Re: Radeon regression in 6.6 kernel

From: Bagas Sanjaya
Date: Sun Nov 12 2023 - 06:12:18 EST


On Sat, Nov 11, 2023 at 07:46:41PM -0500, Phillip Susi wrote:
> I had been testing some things on a post 6.6-rc5 kernel for a week or
> two and then when I pulled to a post 6.6 release kernel, I found that
> system suspend was broken. It seems that the radeon driver failed to
> suspend, leaving the display dead, the wayland display server hung, and
> the system still running.
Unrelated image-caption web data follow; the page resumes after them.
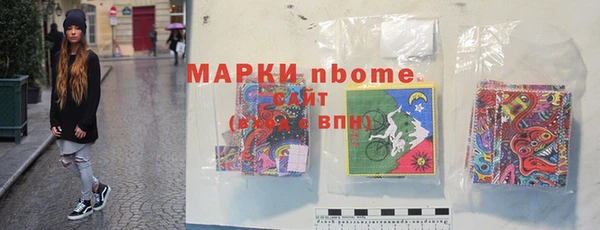 прущий лед Алзамай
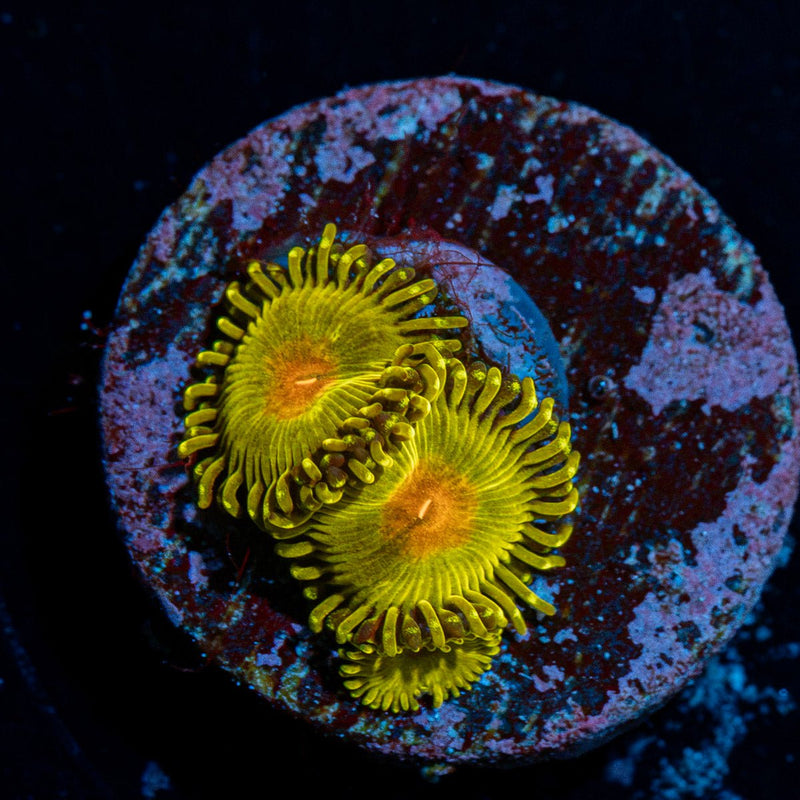 Tutti Fruity Zoanthid Coral colony growth in reef aquarium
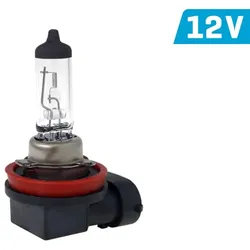 Vision H11 Glühlampe 12V 55W PGJ19-2 U E4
I have been trying to bisect it for the last
> few days and have only been able to narrow it down to the following 3
> commits:
>
> There are only 'skip'ped commits left to test.
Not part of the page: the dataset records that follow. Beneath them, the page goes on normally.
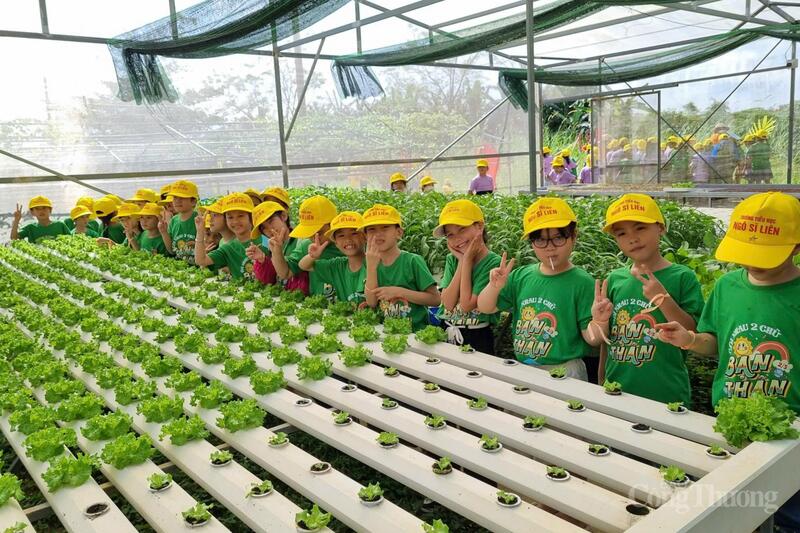 Hợp tác xã rau Túy Loan là một điển hình trong khai thác giá trị sản phẩm OCOP kết hợp du lịch nông thôn, du lịch trải nghiệm.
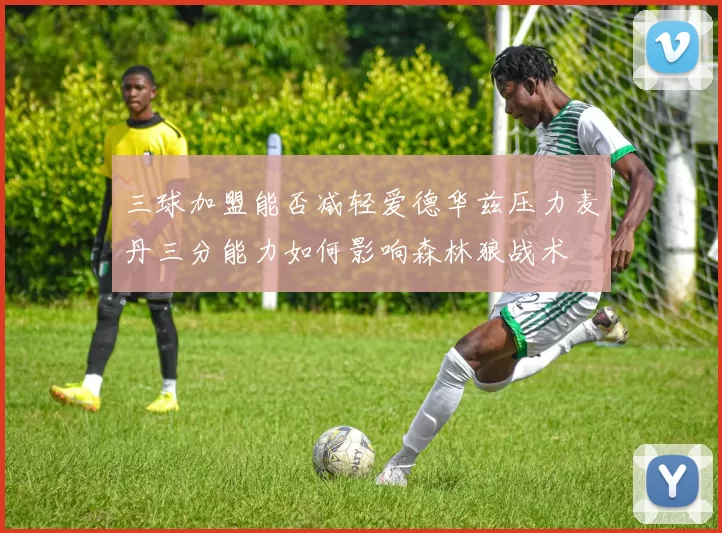 三球加盟能否减轻爱德华兹压力麦丹三分能力如何影响森林狼战术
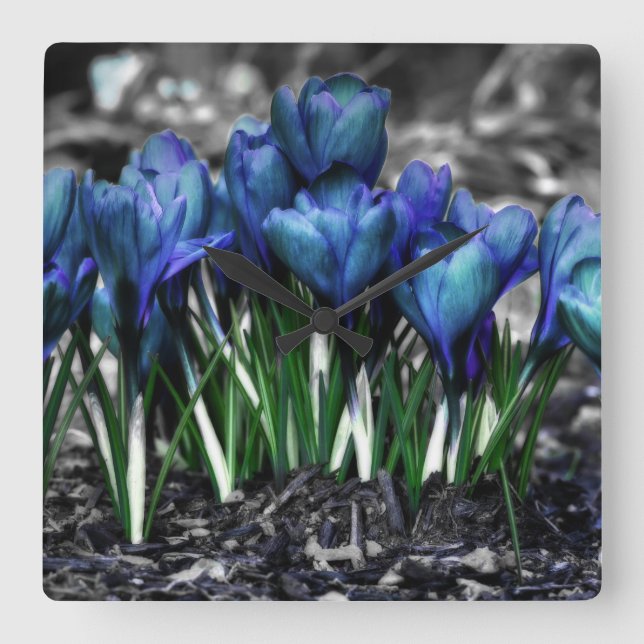 Aqua Blue Crocus Blooms Square Wall Clock (Front)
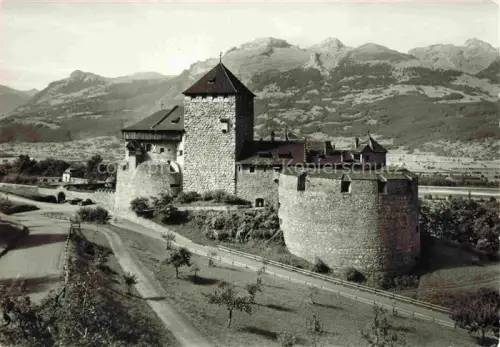 AK / Ansichtskarte Vaduz Liechtenstein FL Schloss-Vaduz Burg Tuerme Burgmauer Schweizer-Berge Alpen Weg Baeume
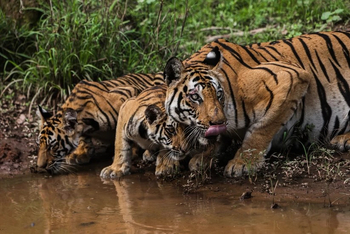 Emerald Tiger Retreat: Am Wasserloch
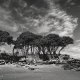 Plage des dames, Noirmoutier, Vendée 2025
> The first bad commit could be any of:
> 56e449603f0ac580700621a356d35d5716a62ce5
> c07bf1636f0005f9eb7956404490672286ea59d3
> b70438004a14f4d0f9890b3297cd66248728546c
> We cannot bisect more!

Please show the full bisect log, and also tell why these commits are
skipped.

>
> It appears that there was a late merge in the 6.6 window that originally
> forked from the -rc2, as many of the later commits that I bisected had
> that version number.
>
> I couldn't get it more narrowed down because I had to skip the
> surrounding commits because they wouldn't even boot up to a gui desktop,
> let alone try to suspend.
>
> When system suspend fails, I find the following in my syslog after I
> have to magic-sysrq reboot because the the display is dead:
>
> Nov 11 18:44:39 faldara kernel: PM: suspend entry (deep)
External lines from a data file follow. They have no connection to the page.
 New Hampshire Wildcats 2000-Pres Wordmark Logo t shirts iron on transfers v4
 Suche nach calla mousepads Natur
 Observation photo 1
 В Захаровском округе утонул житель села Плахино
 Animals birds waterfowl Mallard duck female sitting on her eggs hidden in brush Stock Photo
> Nov 11 18:44:39 faldara kernel: Filesystems sync: 0.035 seconds
> Nov 11 18:44:40 faldara kernel: Freezing user space processes
> Nov 11 18:44:40 faldara kernel: Freezing user space processes completed (elapsed 0.001 seconds)
> Nov 11 18:44:40 faldara kernel: OOM killer disabled.
> Nov 11 18:44:40 faldara kernel: Freezing remaining freezable tasks
> Nov 11 18:44:40 faldara kernel: Freezing remaining freezable tasks completed (elapsed 0.001 seconds)
> Nov 11 18:44:40 faldara kernel: printk: Suspending console(s) (use no_console_suspend to debug)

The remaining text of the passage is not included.